Среди полученных мной за последние годы откликов на публикации о Хрущеве – сотни писем, в которых о нем пишут как о человеке, много сделавшем для нашей страны и нанесшем смертельный удар сталинизму. Но еще больше писем, в которых яростно и далеко не всегда справедливо критикуют и ругают Хрущева. Тех, кто и через двадцать лет после его смерти продолжает сводить с ним счеты, можно разделить на две группы. Во-первых, это сталинисты, которым, конечно, есть за что его ненавидеть. Во-вторых – люди, связанные с деревней, забывшие о первых реформах Хрущева, раскрепостивших крестьян, и озлобленные его последующей сельскохозяйственной политикой.
Хрущев был противоречивой фигурой, и чувства этих людей можно понять. Труднее классифицировать отзывы о Хрущеве, появляющиеся в печати. Так, в не предназначавшихся для чужих глаз дневниковых заметках Владимира Тендрякова, названных при публикации рассказом, говорится:
«Да, сам по себе Хрущев был безрасчетно, упоенно глуп, глуп с русским размахом, но, право же, он принципиально ничем не отличался от других видных политиков, страдал их общей бедой. И конечно же, его вседержавная самонадеянность нравственно калечила общество – воспитывала лжецов, льстецов, жестоких, беспардонных прохвостов типа “рязанского чудотворца” Ларионова, делающих карьеру на чиновном разбое.
Но вот что странно – бывают же поразительные парадоксы в истории! – именно экзальтированность Хрущева и помогла совершить смелый прогрессивный переворот в стране» [191] .
В. Тендряков дальше дополняет свою политическую характеристику Хрущева:
«Хрущев не представлял себе иного устройства, кроме того, какое было при покойном Сталине. Хрущев искренне считал, что мир расколот враждой и ненавистью, что государство ежедневно, ежечасно должно укреплять свою мощь, блюсти железную дисциплину подчиненности, сохранять абсолютизм власти… Генеральная линия партии в годы сталинизма была безупречно правильной, но…
Генеральная линия партии во время Сталина была безупречно правильной, только сам Сталин не прав – претила жестокость, мутило от безвинно пролитой крови. Хрущев ничего из сталинского не собирался менять – пусть остается все как было! – но Сталина следует осудить и выбросить из истории. Трудно даже представить более нелепое решение» [192] .

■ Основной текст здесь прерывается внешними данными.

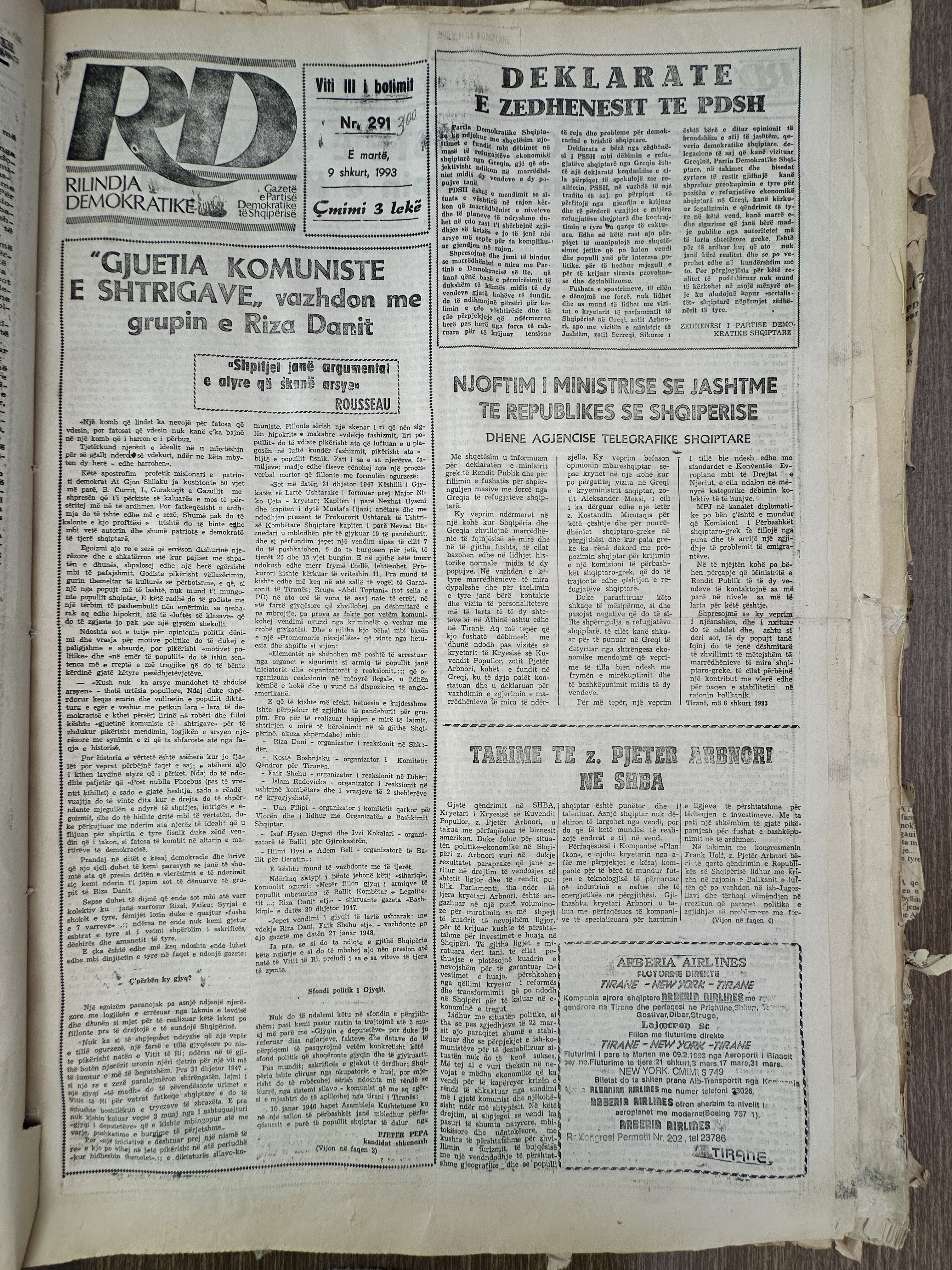 Rilindja Demokratike 1993-02-09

Безусловно, мы должны знать всю правду о Хрущеве, не деля ее на «удобную» и «неудобную». Очевидно, что и критическая дневниковая зарисовка Тендрякова, будучи помещенной в объективный контекст, должна быть известна читателям. Однако, как видно из всего сказанного в этой книге, сама она явно необъективна. Мы часто говорили с Владимиром Федоровичем Тендряковым об эпохе и личности Хрущева после отставки последнего, и он никогда не отзывался о них с озлоблением.